Midtopia

Midtopia

Tuesday, March 28, 2006

Bin Laden's driver: terrorist or camp follower?

The Supreme Court hears arguments today in the case of Salim Ahmed Hamdan, who worked for Al Qaeda in Afghanistan.

The case bears on two points: the constitutionality of the military tribunals Bush wants to use to try Guantanamo detainees, as well as a broader question of what constitutes a terrorist -- a term thrown around all-too-freely these days.

Hamdan says he took a job with bin Laden in order to feed his family. The Bush adminstration calls him a trained terrorist who should be tried for war crimes.

Try him, by all means -- but in an impartial court, and with a definition of "terrorist" and "war crimes" that doesn't include performing menial services for the bad guys. Justice is not served by locking up anyone who ever cooked a meal for Al Qaeda.
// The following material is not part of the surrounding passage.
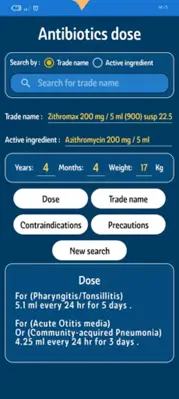 Pedi Dose - dose calculator android App screenshot 1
It doesn't aid our fight against terror, either. And it's downright unhelpful when the tables are turned.

"I've never asked for more for my client than a full and fair trial," one of Hamdan's lawyers, Navy Lt. Cmdr. Charles D. Swift, told an audience Monday at the Cato Institute. "When our citizens are abroad and these things are done, how will we say it was wrong?"

There is only one just way to deal with the detainees. If they are terrorists, put them on trial. If we win a conviction, we can lock them up for a very long time. If they are combatants, then treat them in accordance with the Geneva Conventions, and specifically define the conflict they are being held until the end of. No one should have to spend the rest of their life in jail for the "crime" of being a Taliban foot soldier, for example.